5) 到这里没有看出非常明显的规律,只知道一块内存的前8个字节内容不合理。后来又重现了这个panic,分析其他vmcore时也发现了类似的情况,由此想到了这块与内存相邻的内存区可能产生了溢出。由于这块内存位于size-512的slab中,根据slab的特点,直接对 0xffff88013f9de800 -512这个地址的数据进行读入:
crash> rd ffff88013f9de600 64 ;0xffff88013f9de800 - 512 = ffff88013f9de600
ffff88013f9de600: 0000000000000000 ffffffffa02460e0 .........`$.....
ffff88013f9de610: ffffffffa0245e80 0000000000000000 .^$.............
ffff88013f9de620: ffff880232d88620 ffff88013a6eac20 ..2.... .n:....
ffff88013f9de630: ffff88015ae3f600 ffff88015ae3f540 [email protected]....
ffff88013f9de640: ffff88015ae3f480 ffff88015ae3f3c0 ...Z.......Z....
ffff88013f9de650: ffff88015ae3f300 ffff88015ae3f240 [email protected]....
ffff88013f9de660: ffff88015ae3f6c0 0000000000000000 ...Z............
ffff88013f9de670: 00000000170b170b ffff880141931e98 ...........A....
ffff88013f9de680: ffff880141931e98 0000000000000000 ...A............
ffff88013f9de690: 0000000000000000 0000000000000000 ................
ffff88013f9de6a0: 0000000000030003 ffff88013f9de6a8 ...........?....
ffff88013f9de6b0: ffff88013f9de6a8 ffff88015488a080 ...?.......T....
ffff88013f9de6c0: ffff88012b739358 ffff8802368e53a0 X.s+.....S.6....
ffff88013f9de6d0: 00000001010778fd ffffffffa0243570 .x......p5$.....

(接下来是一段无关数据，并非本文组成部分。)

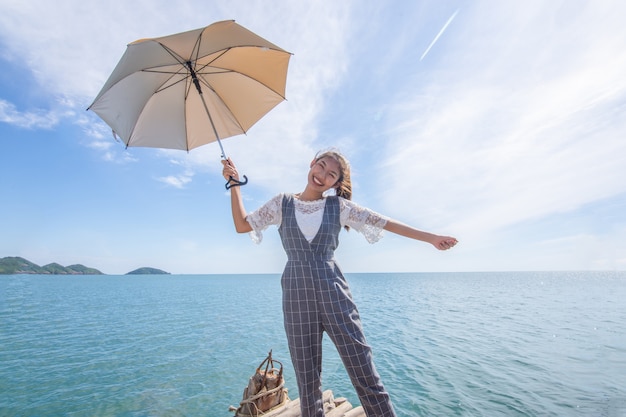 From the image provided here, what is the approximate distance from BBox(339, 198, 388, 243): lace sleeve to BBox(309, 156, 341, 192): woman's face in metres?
0.20

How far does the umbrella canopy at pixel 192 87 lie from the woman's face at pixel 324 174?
907mm

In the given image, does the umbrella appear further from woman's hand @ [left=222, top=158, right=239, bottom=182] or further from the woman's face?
the woman's face

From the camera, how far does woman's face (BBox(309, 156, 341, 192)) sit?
2709 millimetres

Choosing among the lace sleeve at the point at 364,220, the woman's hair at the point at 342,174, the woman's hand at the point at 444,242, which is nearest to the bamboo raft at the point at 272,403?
the lace sleeve at the point at 364,220

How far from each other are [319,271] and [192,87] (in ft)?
8.32

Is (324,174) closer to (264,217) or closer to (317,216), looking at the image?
(317,216)

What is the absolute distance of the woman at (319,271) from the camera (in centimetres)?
233

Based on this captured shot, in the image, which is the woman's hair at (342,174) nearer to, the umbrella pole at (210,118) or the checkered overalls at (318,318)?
the checkered overalls at (318,318)

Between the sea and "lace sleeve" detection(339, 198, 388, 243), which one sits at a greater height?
"lace sleeve" detection(339, 198, 388, 243)

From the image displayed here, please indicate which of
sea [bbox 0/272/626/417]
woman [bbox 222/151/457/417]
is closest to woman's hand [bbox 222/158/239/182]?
woman [bbox 222/151/457/417]

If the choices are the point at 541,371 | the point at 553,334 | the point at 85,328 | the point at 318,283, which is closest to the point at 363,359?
the point at 318,283

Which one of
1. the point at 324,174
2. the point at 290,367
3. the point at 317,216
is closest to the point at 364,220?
the point at 317,216

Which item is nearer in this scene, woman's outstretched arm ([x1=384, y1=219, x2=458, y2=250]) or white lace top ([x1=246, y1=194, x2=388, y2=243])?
woman's outstretched arm ([x1=384, y1=219, x2=458, y2=250])

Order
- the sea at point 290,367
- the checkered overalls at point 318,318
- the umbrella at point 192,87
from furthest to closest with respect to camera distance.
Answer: the sea at point 290,367, the umbrella at point 192,87, the checkered overalls at point 318,318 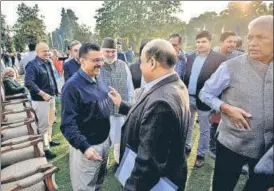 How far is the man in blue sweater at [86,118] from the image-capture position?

ffff88013f9de6e0: ffff880133821028 ffff8802368e4000 ([email protected]....
ffff88013f9de6f0: 0000000000000000 0000000000000000 ................
ffff88013f9de700: 0000000000000000 00000000ffffffff ................
ffff88013f9de710: 0000000000000000 0000000000000000 ................
ffff88013f9de720: ffff88013f9de720 ffff88013f9de720 ..?.... ..?....
ffff88013f9de730: 0000020000000001 0000000000000200 ................
ffff88013f9de740: 0000000000000000 0000000068676867 ........ghgh....
ffff88013f9de750: ffff88013f9de750 ffff88013f9de750 P..?....P..?....
ffff88013f9de760: 0000000001000000 ffff88012234ec60 ........`.4"....
ffff88013f9de770: 0000002000000000 00001f4000001f40 .... ...@...@...
ffff88013f9de780: 0000000000000040 0000000000000000 @...............
ffff88013f9de790: 0000000000000000 0000000000000018 ................
ffff88013f9de7a0: 0000000000000051 000000000000004e Q.......N.......
ffff88013f9de7b0: 0000000000000062 0000000000000169 b.......i.......
ffff88013f9de7c0: 0000000000000de6 00000000000005e3 ................
ffff88013f9de7d0: 0000000000000587 0000000000000039 ........9.......
ffff88013f9de7e0: 0000000000000140 000000000000000a @...............
ffff88013f9de7f0: 0000000000000024 0000000000000018 $...............
6)上面的结构体解析,没有找到非常有意义的字符串,并不能直接告诉我们它对应什么结构体,其大小也不一定正好是512字节。但是我们能够知道该结构体前半部分有很多指针,后半部分有很多整数,看起来像个整数数组。
我们进一步读入该结构体内指针(标记为红色)指向的地址后,找到了一些有特征的字符串,这些字符串属于我们自己开发的模块,具体细节就不在这里列出来了。通过那些有特征的字符串,很快定位到了对应的结构体。发现这个结构体的大小正好为512,该结构体的最后一部分确实是个long型的数组。随后的代码review发现了操作该结构体的一段有问题的代码的确会越界一个long的大小(8字节)。